If a line in the entries contains the word "with", list it.

----- Data records

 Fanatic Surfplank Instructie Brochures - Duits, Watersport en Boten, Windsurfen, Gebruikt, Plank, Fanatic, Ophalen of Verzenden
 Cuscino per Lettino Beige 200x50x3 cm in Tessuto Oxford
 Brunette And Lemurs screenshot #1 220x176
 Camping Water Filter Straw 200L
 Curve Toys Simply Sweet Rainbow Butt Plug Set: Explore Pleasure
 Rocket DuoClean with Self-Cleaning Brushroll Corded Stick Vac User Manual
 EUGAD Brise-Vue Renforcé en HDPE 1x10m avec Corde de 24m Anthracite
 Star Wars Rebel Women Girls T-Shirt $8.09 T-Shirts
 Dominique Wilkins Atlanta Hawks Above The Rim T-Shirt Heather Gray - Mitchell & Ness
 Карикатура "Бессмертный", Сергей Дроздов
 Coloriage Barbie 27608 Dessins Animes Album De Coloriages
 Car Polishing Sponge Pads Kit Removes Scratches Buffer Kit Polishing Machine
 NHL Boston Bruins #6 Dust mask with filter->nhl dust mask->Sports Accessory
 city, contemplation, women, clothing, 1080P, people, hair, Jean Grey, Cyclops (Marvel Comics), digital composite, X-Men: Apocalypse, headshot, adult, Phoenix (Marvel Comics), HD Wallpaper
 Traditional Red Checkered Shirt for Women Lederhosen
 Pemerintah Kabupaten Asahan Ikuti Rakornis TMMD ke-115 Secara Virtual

----------

> **Solved problem**
 Rocket DuoClean with Self-Cleaning Brushroll Corded Stick Vac User Manual
 NHL Boston Bruins #6 Dust mask with filter->nhl dust mask->Sports Accessory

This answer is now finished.